Four months ago, the Angkor Panorama Museum opened his doors in Siem Reap, Cambodia. The Museum is an homage to the capital of Khmer Empire, one of the greatest cities in the world between the ninth and 16th century. During one year, 63 artists worked to shape the central piece of the Museum, a 360-degree painted fresco who covers an area the size of nearly a basketball courts. Over 45,000 figures populate this cyclorama, a depiction of 12th-century Angkorian history.
This ambitious centrepiece echoes the panoramic paintings at the Victorious Fatherland Liberation War Museum in Pyongyang minus the North Korean propaganda. Originally from Pyongyang, the tour guide explains that a “merited artist” from Mansudae, North Korea’s biggest art studio in Pyongyang, is responsible for the central piece, but it took 63 artists for almost two years to complete it.
The surprising fact about this museum is, the money, the concept, the design and the artists, came not from Cambodia but North Korea, from a studio named Mansudae, the largest art studio in North Korea.
The two states have historically maintained strong ties since decades but during the last ten years, Cambodia became closer to South Korea, who is now the second investor in the country.
Pyongyang seeks to identify new sources of liquidity abroad.
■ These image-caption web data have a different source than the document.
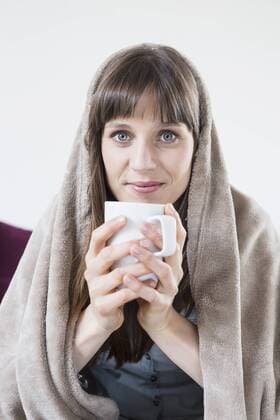 Portrait of mid adult woman covered with blanket and holding cup of tee mit_2002_03214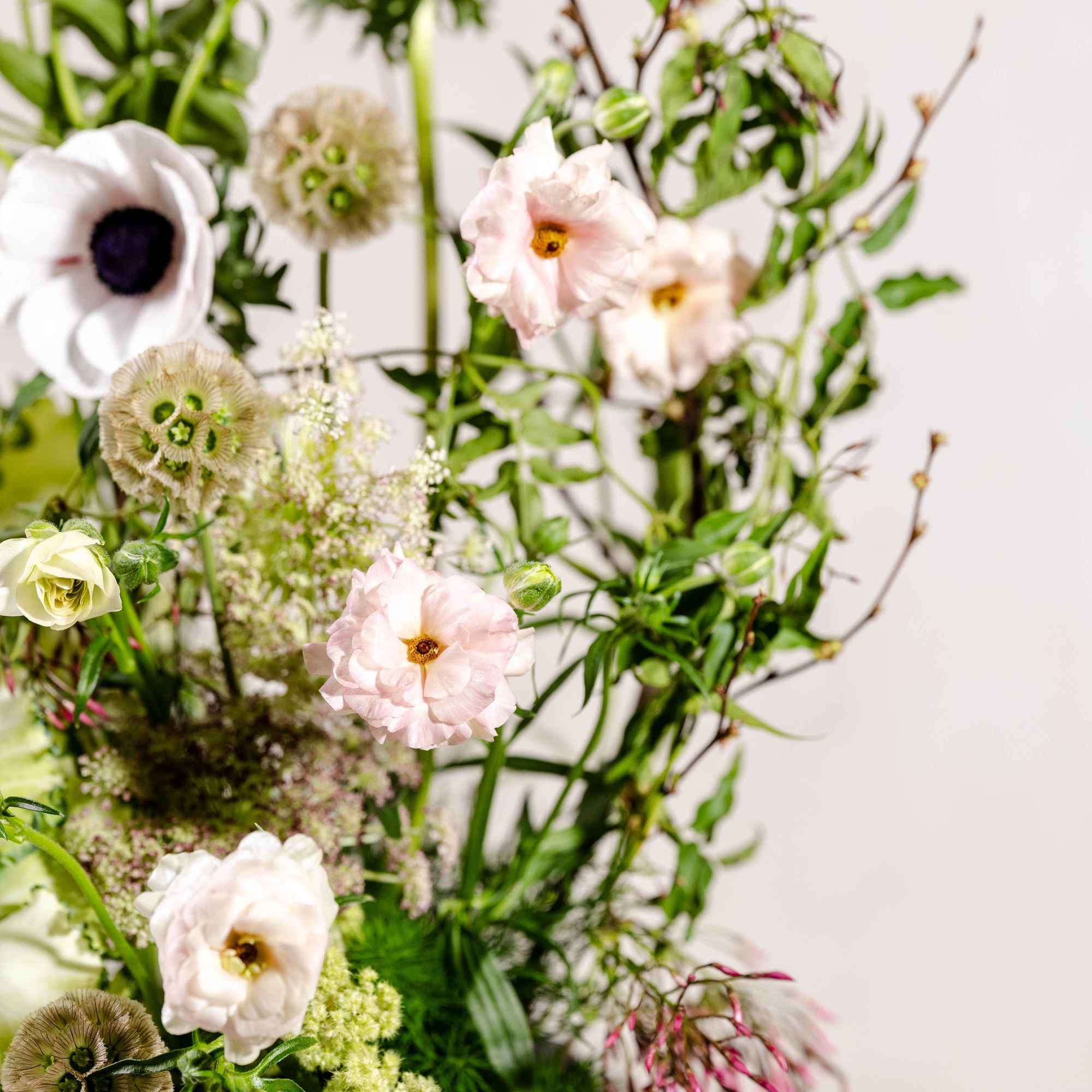 Tall floral arrangement with pale pink blooms and green accents in a vase
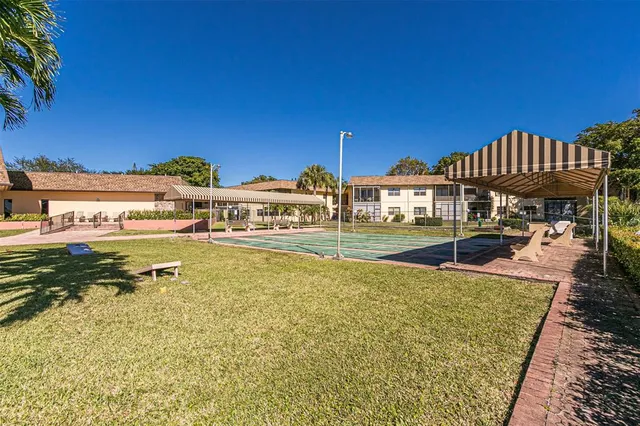 a room with furniture and wooden floor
These last years, monuments and sculptures made by Mansudae artists have popped up in Africa, the Middle East, Southeast Asia and even Germany…
That type of operation brings to North Korea cash bypassing the established international economic sanctions in response to its nuclear tests ” analyzes Greg Scarlatoiu, chairman of the Committee for Human Rights in North Korea. According to him, outside activities would allow to the dictatorship to cash 120 to 230 million dollars every year.